Data section:
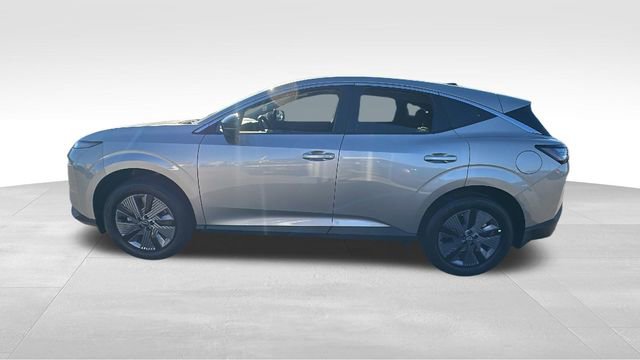 New 2026 Nissan Murano SL w/ Cargo Package image 5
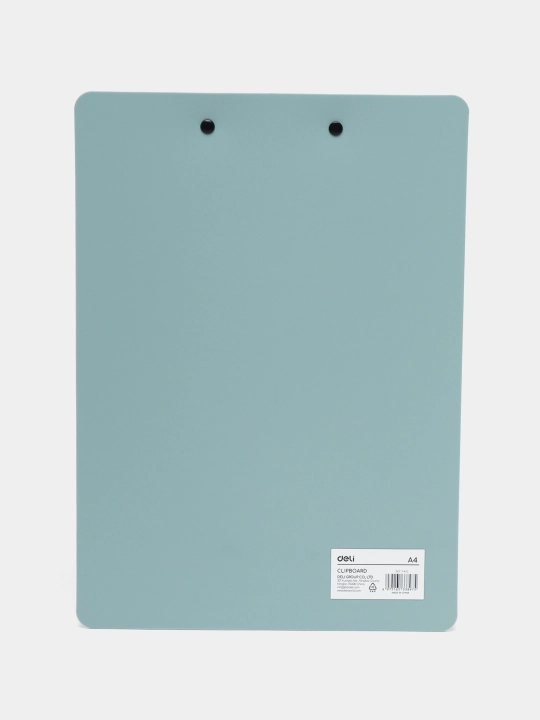 Планшет для бумаг Deli EF403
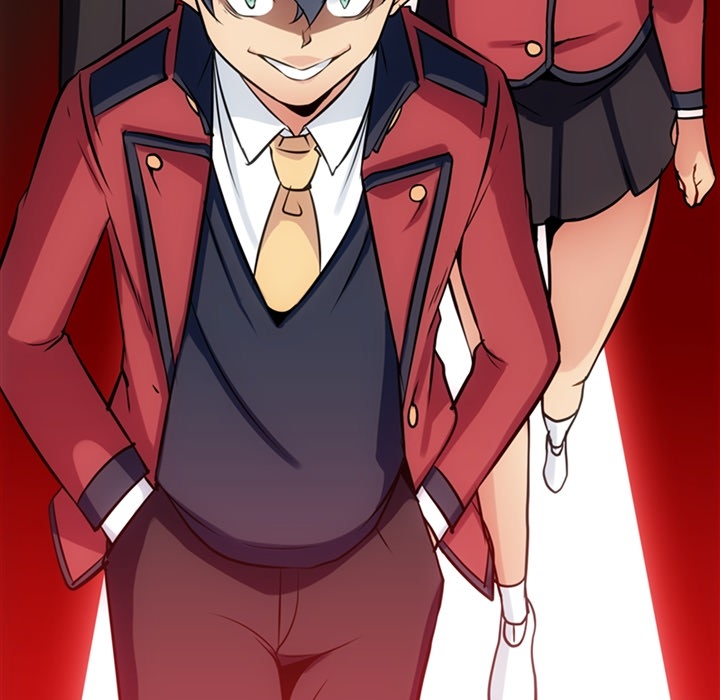 [Manhwa] Such a cute spy? Plot, big breasts#[142P]-107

Aim of the task: Give back the material above exactly, with each picture removed.

Output of the task:
 New 2026 Nissan Murano SL w/ Cargo Package image 5
 Планшет для бумаг Deli EF403
 [Manhwa] Such a cute spy? Plot, big breasts#[142P]-107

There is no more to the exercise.